Friday | 10 July, 2009
CSO
Play at Your Own Risk
As the level of risk management conducted in corporations increases, in keeping with recognition that risk must be governed across the enterprise, the CIO's role is becoming ever more important in enterprise risk management.
Sue Bushell (CIO) 05/04/2005 09:32:35

Barrett expects members of boards in Australia to continue to receive "encouragement" for more effective risk management. A recent survey by PricewaterhouseCoopers, reported in the September 2004 edition of Australasian Risk Management, indicates boards in the US and Europe are already getting the risk management message. Some 57 percent of the (large multinational) organizations told the researchers their board will have more input in the key area of risk management as well other issues such as the company's structure and understanding of the transactions being entered into by the organizations.

"In the public sector," Barrett says, "we have an encouraging result as shown in the CPA Australia survey of 31 public sector agencies from the three tiers of government [CPA Australia, 'Risk Management Survey 2001'].

"Commenting on the survey results, Adam Awty, the public sector policy adviser for CPA Australia, observed that: 'It [risk management] is now becoming entrenched within the public sector and is resulting in better performance. CPA Australia's survey results show that the public sector has moved to address risk management and is now more accountable, better managed and a better service provider than it was in the mid-1990s . . . The challenge for the future is to develop mature methodologies such as risk performance indicators and benchmarking. Public sector agencies also need more sophisticated skills to monitor, communicate and link risks directly with corporate objectives'," Barrett says.

Barrett notes that risk management, when it first began to gain traction in the Australian Public Service in October 1996 and elsewhere, was often seen as a defensive strategy in keeping with the risk-averse culture of the day. Now it is increasingly being recognized - in both the public and private sectors alike - as a vehicle for identifying positive business opportunities. "Increasingly, risk management is being recognized as integral to generating sustainable shareholder value, reflecting the understanding of the connection between well-managed risk and improved performance or, to put it another way, the linkage between risk management and corporate goals," he says.

A recent research program in the US and Europe by CFO Research Services exploring how companies align risk management with their strategic goals found few CFOs were satisfied with their current approach to risk but change is in the air. In three years, 39 percent of the CFOs intend to have integrated their risk management processes across the organization and only 12 percent expect that they will continue to manage risks in separate functions.

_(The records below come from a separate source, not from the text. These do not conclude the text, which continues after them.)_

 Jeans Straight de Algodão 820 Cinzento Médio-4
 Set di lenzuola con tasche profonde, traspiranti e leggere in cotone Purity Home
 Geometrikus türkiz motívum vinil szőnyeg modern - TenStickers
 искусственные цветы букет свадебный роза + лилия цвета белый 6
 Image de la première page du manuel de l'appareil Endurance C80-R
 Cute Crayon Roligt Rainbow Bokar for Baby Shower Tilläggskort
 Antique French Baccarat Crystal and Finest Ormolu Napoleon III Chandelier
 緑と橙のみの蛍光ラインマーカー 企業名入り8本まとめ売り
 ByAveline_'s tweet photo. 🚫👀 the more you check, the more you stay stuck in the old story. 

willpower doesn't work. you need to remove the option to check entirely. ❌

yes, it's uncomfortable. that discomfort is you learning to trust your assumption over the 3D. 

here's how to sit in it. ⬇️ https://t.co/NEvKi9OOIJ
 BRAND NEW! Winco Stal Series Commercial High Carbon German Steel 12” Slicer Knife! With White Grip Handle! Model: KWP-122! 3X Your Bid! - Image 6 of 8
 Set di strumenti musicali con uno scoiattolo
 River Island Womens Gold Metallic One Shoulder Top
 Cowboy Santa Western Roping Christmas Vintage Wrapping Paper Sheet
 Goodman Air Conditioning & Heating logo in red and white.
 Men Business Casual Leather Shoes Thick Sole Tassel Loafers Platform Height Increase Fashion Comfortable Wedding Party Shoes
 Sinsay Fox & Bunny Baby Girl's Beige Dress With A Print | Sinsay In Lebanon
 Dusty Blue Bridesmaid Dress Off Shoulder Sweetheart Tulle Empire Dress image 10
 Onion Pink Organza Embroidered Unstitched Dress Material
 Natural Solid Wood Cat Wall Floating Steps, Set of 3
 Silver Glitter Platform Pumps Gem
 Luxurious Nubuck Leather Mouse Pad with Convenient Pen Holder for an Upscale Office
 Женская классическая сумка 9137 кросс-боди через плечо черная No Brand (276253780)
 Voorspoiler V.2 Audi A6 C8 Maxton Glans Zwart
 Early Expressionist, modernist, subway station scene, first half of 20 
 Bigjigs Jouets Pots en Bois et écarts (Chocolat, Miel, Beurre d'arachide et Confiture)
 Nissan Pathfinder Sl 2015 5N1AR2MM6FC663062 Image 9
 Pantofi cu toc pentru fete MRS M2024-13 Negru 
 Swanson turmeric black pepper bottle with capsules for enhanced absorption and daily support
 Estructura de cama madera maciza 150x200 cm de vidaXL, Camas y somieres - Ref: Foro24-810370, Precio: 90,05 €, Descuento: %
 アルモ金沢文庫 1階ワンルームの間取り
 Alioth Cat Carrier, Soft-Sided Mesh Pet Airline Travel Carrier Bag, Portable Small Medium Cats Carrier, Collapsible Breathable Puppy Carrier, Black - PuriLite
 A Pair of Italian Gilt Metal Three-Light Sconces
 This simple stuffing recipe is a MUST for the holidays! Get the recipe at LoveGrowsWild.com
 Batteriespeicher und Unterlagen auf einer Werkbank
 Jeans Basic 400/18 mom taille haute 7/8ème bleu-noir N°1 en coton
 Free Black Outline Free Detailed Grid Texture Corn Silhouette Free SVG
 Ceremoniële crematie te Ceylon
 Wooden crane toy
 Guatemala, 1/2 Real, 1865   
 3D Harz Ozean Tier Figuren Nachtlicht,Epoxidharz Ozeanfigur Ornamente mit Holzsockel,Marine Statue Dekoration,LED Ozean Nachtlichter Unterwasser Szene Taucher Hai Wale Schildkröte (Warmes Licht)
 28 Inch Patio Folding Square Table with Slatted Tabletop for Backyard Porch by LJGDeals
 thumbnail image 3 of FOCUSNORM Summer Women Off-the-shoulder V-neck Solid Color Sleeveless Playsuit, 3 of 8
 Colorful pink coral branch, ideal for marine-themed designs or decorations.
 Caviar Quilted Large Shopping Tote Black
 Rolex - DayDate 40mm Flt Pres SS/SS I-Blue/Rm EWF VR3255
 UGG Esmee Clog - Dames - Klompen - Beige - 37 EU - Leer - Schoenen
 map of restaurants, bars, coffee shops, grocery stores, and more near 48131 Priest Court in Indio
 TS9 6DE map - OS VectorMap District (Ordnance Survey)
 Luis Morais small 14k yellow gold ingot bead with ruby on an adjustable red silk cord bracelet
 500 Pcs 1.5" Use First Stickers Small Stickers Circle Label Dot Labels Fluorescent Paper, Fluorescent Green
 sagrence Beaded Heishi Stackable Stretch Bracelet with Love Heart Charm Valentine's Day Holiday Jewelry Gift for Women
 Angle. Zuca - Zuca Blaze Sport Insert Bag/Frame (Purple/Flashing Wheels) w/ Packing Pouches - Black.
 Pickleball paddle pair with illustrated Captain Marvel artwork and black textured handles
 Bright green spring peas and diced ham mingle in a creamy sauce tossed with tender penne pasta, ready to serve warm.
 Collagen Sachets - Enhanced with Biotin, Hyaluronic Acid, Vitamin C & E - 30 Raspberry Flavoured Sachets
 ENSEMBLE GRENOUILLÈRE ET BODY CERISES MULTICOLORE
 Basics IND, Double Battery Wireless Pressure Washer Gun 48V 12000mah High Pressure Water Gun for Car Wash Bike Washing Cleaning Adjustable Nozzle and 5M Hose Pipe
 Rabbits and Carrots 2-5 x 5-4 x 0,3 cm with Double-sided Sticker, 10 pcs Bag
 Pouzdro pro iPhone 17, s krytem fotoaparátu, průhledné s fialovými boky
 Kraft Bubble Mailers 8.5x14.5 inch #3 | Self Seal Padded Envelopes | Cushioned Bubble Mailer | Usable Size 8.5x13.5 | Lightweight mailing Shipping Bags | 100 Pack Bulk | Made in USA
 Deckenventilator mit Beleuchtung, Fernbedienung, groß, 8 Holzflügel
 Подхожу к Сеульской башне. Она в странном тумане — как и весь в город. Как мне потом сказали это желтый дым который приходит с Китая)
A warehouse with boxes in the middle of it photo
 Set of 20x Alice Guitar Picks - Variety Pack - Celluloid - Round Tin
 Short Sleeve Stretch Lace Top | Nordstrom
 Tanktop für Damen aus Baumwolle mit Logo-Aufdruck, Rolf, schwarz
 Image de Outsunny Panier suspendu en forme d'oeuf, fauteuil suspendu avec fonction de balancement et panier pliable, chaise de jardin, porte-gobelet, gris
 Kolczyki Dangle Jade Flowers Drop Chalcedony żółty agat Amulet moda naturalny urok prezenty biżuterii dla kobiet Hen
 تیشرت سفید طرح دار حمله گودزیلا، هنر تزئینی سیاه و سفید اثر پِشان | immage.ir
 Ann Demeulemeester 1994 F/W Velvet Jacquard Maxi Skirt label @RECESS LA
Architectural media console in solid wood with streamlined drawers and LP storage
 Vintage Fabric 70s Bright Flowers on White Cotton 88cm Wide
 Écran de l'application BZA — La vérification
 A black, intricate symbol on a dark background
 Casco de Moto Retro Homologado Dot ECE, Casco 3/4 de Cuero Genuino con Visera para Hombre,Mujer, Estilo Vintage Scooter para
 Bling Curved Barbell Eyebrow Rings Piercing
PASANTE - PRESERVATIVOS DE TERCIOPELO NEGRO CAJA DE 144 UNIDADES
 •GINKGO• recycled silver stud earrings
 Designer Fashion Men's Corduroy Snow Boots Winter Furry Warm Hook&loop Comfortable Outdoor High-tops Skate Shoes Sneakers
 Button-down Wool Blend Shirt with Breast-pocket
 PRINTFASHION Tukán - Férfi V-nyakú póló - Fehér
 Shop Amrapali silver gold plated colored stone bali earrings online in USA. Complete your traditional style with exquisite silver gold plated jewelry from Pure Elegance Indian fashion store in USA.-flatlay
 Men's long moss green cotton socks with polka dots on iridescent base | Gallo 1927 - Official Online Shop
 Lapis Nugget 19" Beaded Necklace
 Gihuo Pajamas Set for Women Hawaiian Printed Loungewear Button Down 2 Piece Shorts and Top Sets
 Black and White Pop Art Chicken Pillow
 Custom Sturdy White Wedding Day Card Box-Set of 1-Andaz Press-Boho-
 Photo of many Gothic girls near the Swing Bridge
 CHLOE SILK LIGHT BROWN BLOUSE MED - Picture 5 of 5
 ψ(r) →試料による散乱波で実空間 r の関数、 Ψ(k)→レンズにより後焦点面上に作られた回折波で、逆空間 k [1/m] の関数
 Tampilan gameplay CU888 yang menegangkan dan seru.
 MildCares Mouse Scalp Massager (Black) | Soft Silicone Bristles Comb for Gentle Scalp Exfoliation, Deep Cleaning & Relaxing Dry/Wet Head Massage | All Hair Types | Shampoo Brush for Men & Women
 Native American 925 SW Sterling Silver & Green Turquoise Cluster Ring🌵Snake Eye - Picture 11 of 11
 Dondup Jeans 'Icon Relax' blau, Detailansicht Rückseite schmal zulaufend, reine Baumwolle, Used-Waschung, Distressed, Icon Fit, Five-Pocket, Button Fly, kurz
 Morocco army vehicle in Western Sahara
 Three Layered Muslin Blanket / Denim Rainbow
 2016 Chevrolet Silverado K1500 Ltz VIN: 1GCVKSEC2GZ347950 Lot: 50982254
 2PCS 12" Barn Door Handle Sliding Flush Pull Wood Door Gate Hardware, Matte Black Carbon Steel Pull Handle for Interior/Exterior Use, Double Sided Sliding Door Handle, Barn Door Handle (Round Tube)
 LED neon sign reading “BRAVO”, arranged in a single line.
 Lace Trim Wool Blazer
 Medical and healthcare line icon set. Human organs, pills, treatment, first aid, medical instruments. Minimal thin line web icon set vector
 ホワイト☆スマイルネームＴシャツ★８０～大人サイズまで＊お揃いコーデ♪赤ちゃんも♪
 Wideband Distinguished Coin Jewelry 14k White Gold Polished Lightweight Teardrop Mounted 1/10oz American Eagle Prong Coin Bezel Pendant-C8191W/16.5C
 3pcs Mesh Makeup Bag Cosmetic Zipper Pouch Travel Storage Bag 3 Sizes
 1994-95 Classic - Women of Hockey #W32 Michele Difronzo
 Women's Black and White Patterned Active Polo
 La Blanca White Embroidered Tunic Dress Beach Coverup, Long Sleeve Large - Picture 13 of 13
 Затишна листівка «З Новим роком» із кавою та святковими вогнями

"The more unified a risk management process is across the company, the more satisfied CFOs are with it. Likewise, the more closely risk management is tied to the strategic planning process, the more effective CFOs believe it is," the report says. "Over the past few years, companies have attempted to create such a system [a more comprehensive and forward-looking system of risk management] - these efforts have come under various names, including holistic, integrated and, more recently, enterprise risk management (ERM) . . . The principles underlying these approaches (that is, mapping all of a company's risks in a uniform way and applying a cross-functional approach to managing them) are gaining acceptance."

The report found CFOs struggle with several main challenges to managing risk more strategically, including lack of uniform metrics, the time required for design and implementation, incompatibility with corporate culture and inadequate IT systems.

"The report saw strategic risk management representing a shift in thinking about risk," Barrett says. "Previously, many viewed risk management as an activity separate from the company's real work; an after-the-fact effort to protect against dangers inherent in business operations. There is now recognition that risk management should be inseparable from strategy development, capital allocation and other core management processes.

"It follows that, if managers are to use risk information to help steer the corporation, they need a view of that data unhindered by organizational divisions or definitional problems. This requires real ownership and commitment at all levels of the organization."

"The ERM approach is now widespread enough to be recognized as the emerging orthodoxy. However, the interconnectedness of risks across an organization can only be identified and managed when the organization shares risk and control knowledge across its functions," Barrett says.

He concludes ERM is clearly no fad, but has attracted significant coverage in both the public and private sectors and has helped to increase the profile of risk management. The idea of integrating risk across an organization and risk management being embedded in the culture is essential to the risk management process, he says.